Nine Ways for Business Leaders to Help
As the owner or manager of a business, one of your main responsibilities is to be a leader. But leading is about more than just taking charge and exerting authority. Giving valuable help to others is also an important leadership quality. Here are nine ways you may be able to lend a helping hand to your staff.
1. Spread the knowledge. Don’t keep everything you know to yourself. In matters involving your particular expertise, seize the opportunities to teach others. Also, keep educating yourself to stay at the front of the pack.
2. Share the resources. Similar to knowledge, you may have “ownership” of resources that other employees do not have. It could be the latest electronic device or the expert information you can glean from a former associate. Be more generous about offering employees access to advice.
3. Find out where help is needed. Unless you are a mind reader or extremely observant, you can easily miss those times when employees need your help the most. It certainly doesn’t hurt to ask them about situations where they could benefit from your expertise.
4. Point out the opportunities. Of course, your main business focus is to produce or provide a high-quality product or service. But also keep an eye out for chances for employees to learn and excel. Don’t always do something yourself just because you always did it in the past.
5. Provide honest feedback.
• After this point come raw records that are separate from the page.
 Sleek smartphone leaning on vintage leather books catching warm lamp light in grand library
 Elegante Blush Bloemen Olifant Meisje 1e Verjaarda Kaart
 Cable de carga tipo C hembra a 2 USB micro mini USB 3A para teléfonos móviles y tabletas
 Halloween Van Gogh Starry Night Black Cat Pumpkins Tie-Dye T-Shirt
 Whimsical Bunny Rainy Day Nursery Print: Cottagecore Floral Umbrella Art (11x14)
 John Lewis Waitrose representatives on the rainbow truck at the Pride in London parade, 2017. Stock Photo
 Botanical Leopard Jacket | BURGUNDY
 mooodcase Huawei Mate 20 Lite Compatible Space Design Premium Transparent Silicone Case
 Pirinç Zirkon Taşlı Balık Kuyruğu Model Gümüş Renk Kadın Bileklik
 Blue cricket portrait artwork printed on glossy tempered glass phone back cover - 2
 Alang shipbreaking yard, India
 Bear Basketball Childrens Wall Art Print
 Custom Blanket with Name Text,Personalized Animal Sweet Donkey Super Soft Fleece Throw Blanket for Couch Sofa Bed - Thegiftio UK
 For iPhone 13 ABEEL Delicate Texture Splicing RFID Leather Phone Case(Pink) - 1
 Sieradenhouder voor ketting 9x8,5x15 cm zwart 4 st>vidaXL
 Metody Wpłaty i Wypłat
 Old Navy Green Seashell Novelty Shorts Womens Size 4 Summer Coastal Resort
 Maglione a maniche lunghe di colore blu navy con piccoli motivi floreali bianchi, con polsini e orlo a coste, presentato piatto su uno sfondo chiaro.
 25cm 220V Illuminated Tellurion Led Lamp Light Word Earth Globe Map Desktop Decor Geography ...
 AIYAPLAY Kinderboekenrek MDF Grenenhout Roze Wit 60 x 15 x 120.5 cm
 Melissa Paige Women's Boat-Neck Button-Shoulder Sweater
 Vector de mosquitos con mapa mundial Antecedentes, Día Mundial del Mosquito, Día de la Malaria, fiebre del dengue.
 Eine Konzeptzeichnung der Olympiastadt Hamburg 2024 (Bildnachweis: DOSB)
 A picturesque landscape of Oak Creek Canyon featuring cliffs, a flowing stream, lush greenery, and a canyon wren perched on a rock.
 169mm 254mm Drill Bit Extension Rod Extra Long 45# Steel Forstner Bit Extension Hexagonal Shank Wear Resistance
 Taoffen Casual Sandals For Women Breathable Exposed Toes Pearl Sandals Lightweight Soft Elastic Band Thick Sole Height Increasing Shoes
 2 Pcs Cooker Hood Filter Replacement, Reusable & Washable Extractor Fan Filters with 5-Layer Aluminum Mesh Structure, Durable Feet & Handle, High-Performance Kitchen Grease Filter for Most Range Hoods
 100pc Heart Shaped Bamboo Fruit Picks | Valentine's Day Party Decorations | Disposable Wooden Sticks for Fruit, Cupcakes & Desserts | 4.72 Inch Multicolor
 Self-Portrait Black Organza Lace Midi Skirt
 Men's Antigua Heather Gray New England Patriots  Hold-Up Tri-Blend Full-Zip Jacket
Be sensitive about giving criticism—even if it’s constructive criticism—but you should not lie to employees either. Keep in mind that your objective is to enable them to improve, not to sulk or gloat.
6. Tout the best brands. Are there various goods and services that you have come to rely on heavily? Don’t be shy about introducing workers to the same brands that you favor. If they are good to you, they can be good to your employees, too.
7. Pave the way. Perhaps you know someone who would be a good contact for an employee, but you simply have not made the proper introductions. With a little extra effort on your part, you can arrange for the two to meet or talk. It could be beneficial to employees from both a business and personal perspective.
8. Be a volunteer. Your time is valuable, and your workers know it. So when you volunteer time and/or resources to help them out, it is appreciated and can go a long way toward building employee loyalty. Set aside specific periods of time for this purpose.
9. Recognize outstanding performance. The recognition of an employee can take several forms. For instance, you might mention the employee in a speech or article, nominate that person for an award, or provide a bonus or other benefit. On a smaller scale, business leaders may recognize employees in a “shout-out” in the company newsletter or an online posting or e-mail.
Guiding employees is not an easy task for some business leaders. Your inclination may be to plunge ahead and expect others to simply follow in your footsteps. And, if you are not careful, offering help may be misinterpreted or resented, or both. Nevertheless, it is a way that you can show your employees that you truly care, as well as improving the outlook for the overall business operation.